The Ptr1 Locus of Solanum lycopersicoides Confers Resistance to Race 1 Strains of Pseudomonas syringae pv. tomato and to Ralstonia pseudosolanacearum by Recognizing the Type III Effectors AvrRpt2 and RipBN.

Race 1 strains of Pseudomonas syringae pv. tomato, which cause bacterial speck disease of tomato, are becoming increasingly common and no simply inherited genetic resistance to such strains is known. We discovered that a locus in Solanum lycopersicoides, termed Pseudomonas tomato race 1 (Ptr1), confers resistance to race 1 P. syringae pv. tomato strains by detecting the activity of type III effector AvrRpt2. In Arabidopsis, AvrRpt2 degrades the RIN4 protein, thereby activating RPS2-mediated immunity. Using site-directed mutagenesis of AvrRpt2, we found that, like RPS2, activation of Ptr1 requires AvrRpt2 proteolytic activity. Ptr1 also detected the activity of AvrRpt2 homologs from diverse bacteria, including one in Ralstonia pseudosolanacearum. The genome sequence of S. lycopersicoides revealed no RPS2 homolog in the Ptr1 region. Ptr1 could play an important role in controlling bacterial speck disease and its future cloning may shed light on an example of convergent evolution for recognition of a widespread type III effector.

Pseudomonas syringae pv. tomato Strains from New York Exhibit Virulence Attributes Intermediate Between Typical Race 0 and Race 1 Strains.

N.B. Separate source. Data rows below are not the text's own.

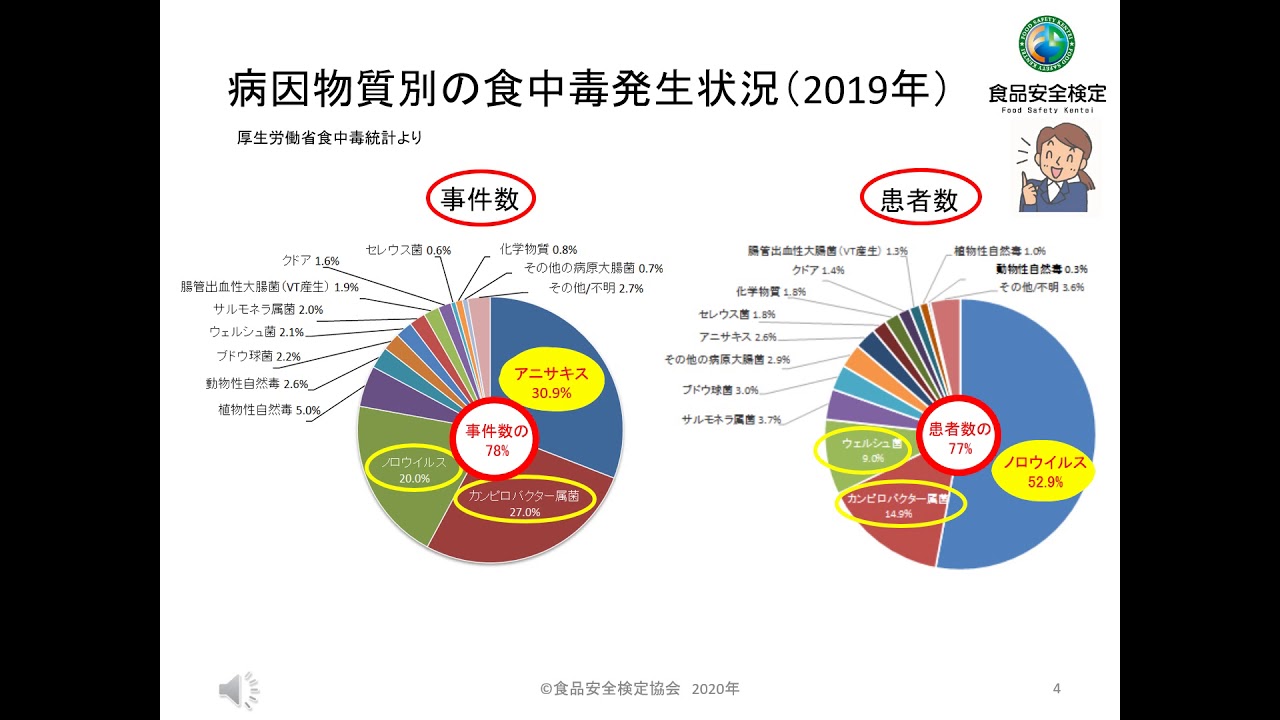 2 食中毒と微生物の特徴 レッツトライ 食品安全検定対策講座 食品安全検定 公式ホームページ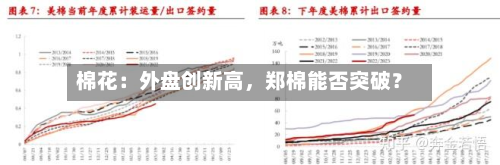 棉花：外盘创新高，郑棉能否突破？-第1张图片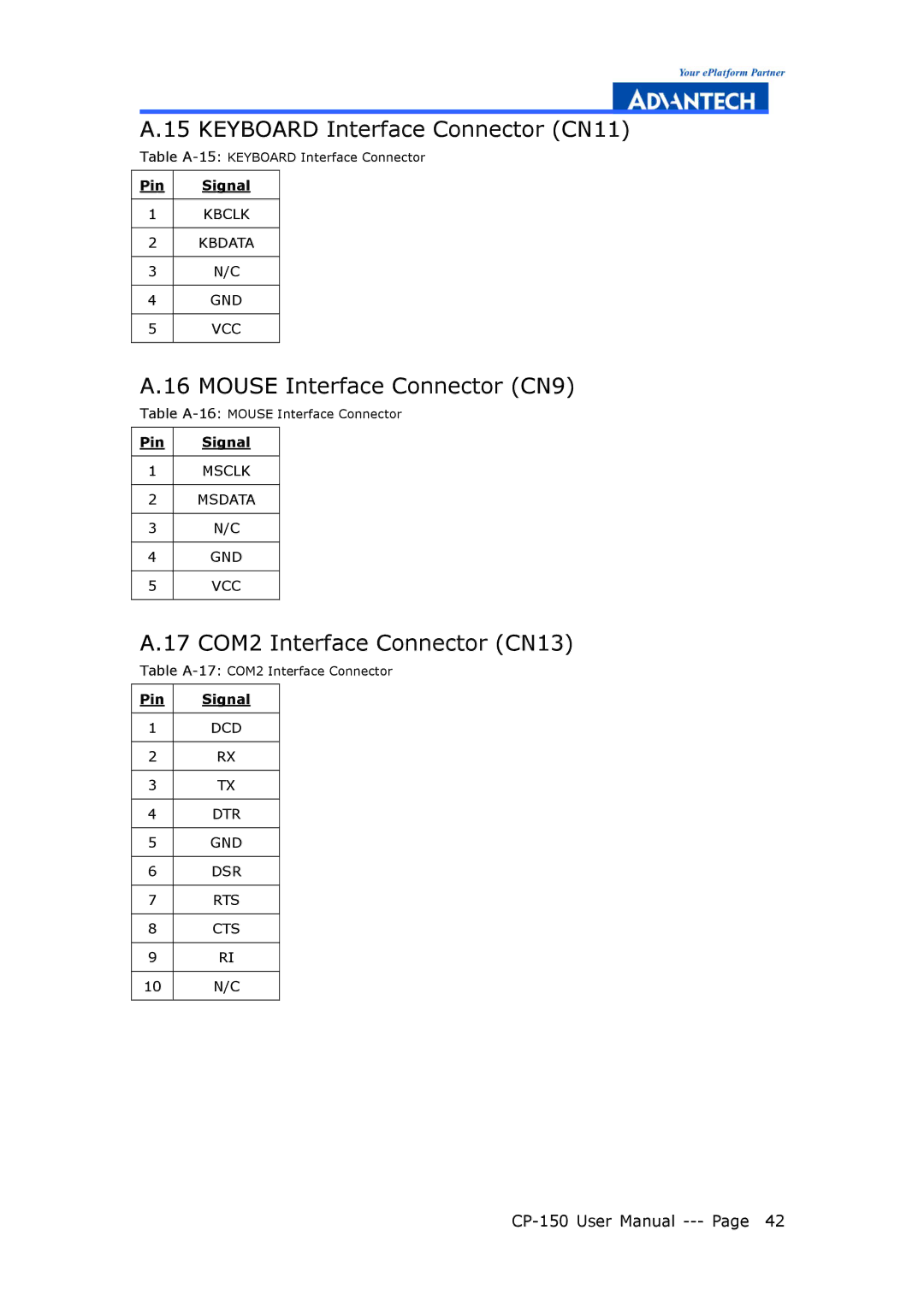 Advantech CP-150 manual Keyboard Interface Connector CN11, Mouse Interface Connector CN9, 17 COM2 Interface Connector CN13 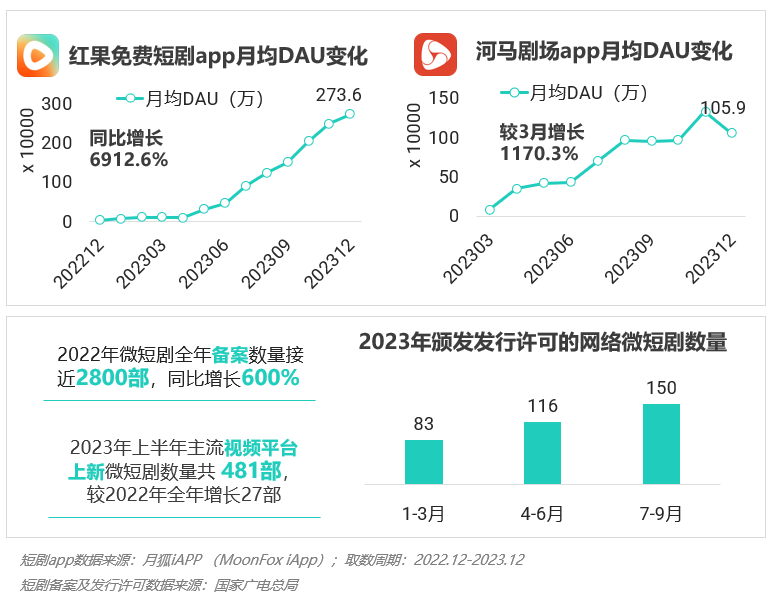 PG电子2023年Q4挪动互联网行业数据讨论申诉(图20)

Bacterial speck disease, caused by Pseudomonas syringae pv. tomato, is a persistent problem for fresh-market tomato growers in New York. Race 0 strains of this pathogen express either or both of the type III effectors AvrPto or AvrPtoB, which are recognized by tomato varieties expressing the Pto resistance gene. Pto encodes a protein kinase that activates the host immune system, thereby inhibiting bacterial multiplication and preventing disease development. Race 1 P. syringae pv. tomato strains do not express these effectors and are virulent on tomato whether or not the variety expresses Pto. Very few fresh-market tomato varieties have the Pto gene. We collected six P. syringae pv. tomato strains from naturally infected tomato plants across New York in 2015 and characterized them for their virulence and for the presence of specific effectors. In experiments conducted in the greenhouse, all strains reached population sizes in Pto-expressing tomato leaves that were intermediate between typical race 0 and race 1 strains. This phenotype has not been observed previously and suggests that the strains are recognized by Pto but such recognition is compromised by another P. syringae pv. tomato factor. The strains were found to encode avrPto, which is transcribed and translated. They also express avrPtoB although, as reported for other P. syringae pv. tomato strains, protein expression for this effector was not detectable. Deletion of avrPto from a representative New York strain allowed it to reach high populations in Pto-expressing tomato varieties, without compromising its virulence on susceptible tomato plants. Collectively, our data suggest that introgression of the Pto gene into fresh-market tomato varieties could enhance protection against extant P. syringae pv. tomato strains.